Origine
La production d'olives et de ses produits dérivés est une activité typique du pourtour méditerranéen. On retrouve de grandes plantations en Espagne, en Italie, en Grèce, dans les pays du Maghreb, et bien sûr dans le midi de la France. La Catalogne n'échappe pas à la règle, et les Pyrénées-Orientales ont connu des épisodes contrastés concernant cette production.
Nous n'avons pas de traces des premières cultures, aussi ne pouvons-nous pas connaître la raison de l'implantation des oliviers dans la région. Le texte le plus ancien dont nous disposons est de Cicéron, empereur romain, qui décrète au Ier siècle avant J.-C. que seuls les Romains ont le droit de cultiver la vigne et l'olive, tout cela pour donner plus de valeur à leurs terrains. Cela prouve l'implantation précoce de la culture oléicole dans la région. Il semble toutefois que la production d'olives ait été assez faible, plus pour une consommation personnelle que pour en faire un commerce avec les pays frontaliers. Elles servaient essentiellement à faire de l'huile, une denrée rare durant tout le Moyen Âge. Au fil du temps, les oléiculteurs s'organisèrent, et quelques grandes exploitations virent le jour au début du XXe siècle. L'export fonctionnait bien, l'agriculture entraînait l'industrie (il fallait mettre en conserve sur place la production). Hélas, peu à peu, nos voisins européens commencèrent eux aussi à exporter, ce qui entraîna un début de crise dû à la concurrence. Certaines exploitations fermèrent, et la taille des oliveraies diminua considérablement. Arriva alors l'hiver 1956.
L'hiver 1956
Au début de l'hiver, le département possédait encore 800 hectares d'oliviers, soit 150 000 arbres. Soudain, un froid terrible se répandit partout en Europe. Durant une vingtaine de jours, le thermomètre fut au plus bas, renforcé par une forte tramontane. Le mercure chute à -22 °C à Sauto. Le 3 février, le vent du Nord tempête : 150 km/h en pointe, avec jusqu'à 175 km/h au cap Béar. À Perpignan, un nouveau record de froid est établi : -10,2 °C à 6h30 du matin. Le lendemain, les Perpignanais découvrent que la Basse est gelée. Devant l'ampleur du froid, la municipalité annule le carnaval. L'économie globale de la région est mise à mal : les maraîchers perdent toute leur production. Le 15 février, les dégâts sont estimés à 2,5 milliards de francs (anciens). Le vignoble est largement atteint, tous les arbres fruitiers souffrent, et les agrumes voient leur tronc éclater sous le gel.

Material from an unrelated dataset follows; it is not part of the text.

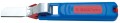 Ściągacz izolacji z nożem prostym 4-28 Unior (610931) 385G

Sur les 150 000 oliviers existants, seulement 9 000 survécurent, 7 000 furent taillés, et 22 000 furent replantés. Le reste fut abandonné. Vu que les producteurs étrangers étaient déjà plus rentables que les Catalans, la culture des olives connut un coup d'arrêt et s'arrêta quasiment. Ce froid immense ne toucha bien sûr pas seulement les Pyrénées-Orientales. Sur l'ensemble des oliviers du pourtour méditerranéen, il y avait 12 millions d'oliviers. Deux millions sont morts du froid, et les autres durent être complètement taillés pour pouvoir repartir.
Le moulin à huile de Millas
Avant 1956, la quasi-totalité des olives était broyée pour en faire de l'huile, grâce à des moulins oléicoles. Il y en avait une dizaine dans la région : Argelès-sur-Mer, Trouillas, Llupia, Ille-sur-Têt, Collioure, Millas, etc. L'un d'eux, celui de Millas, fut créé en 1920.
Ce moulin est né dans un local commercial, une ancienne laverie datant de 1870. En 1941, il devient une coopérative oléicole, mais disparaît avec le gel en 1956. En 1976, quelques passionnés relancent cette activité à Millas, d'où la présence du moulin à huile actuel. Désireux de promouvoir l'identité culturelle du département, le Conseil Général des Pyrénées-Orientales soutient l'association en 1994, ce qui lui permet de lancer une production de masse. C'est aujourd'hui la seule coopérative oléicole du département, accompagnée de quatre autres moulins privés, témoignant de la renaissance de l'oléiculture catalane.
En 2000, "La Catalane", cette coopérative, avait produit 40 000 litres d'huile à partir de 175 tonnes d'olives traitées (entre 2000 et 2005). En 2006, il y avait 1 500 à 2 000 producteurs dans les Pyrénées-Orientales, dont une cinquantaine de professionnels ayant planté un total de 600 hectares, soit 109 000 arbres. Nous nous rapprochons ainsi du niveau de production d'avant ce fameux hiver 1956.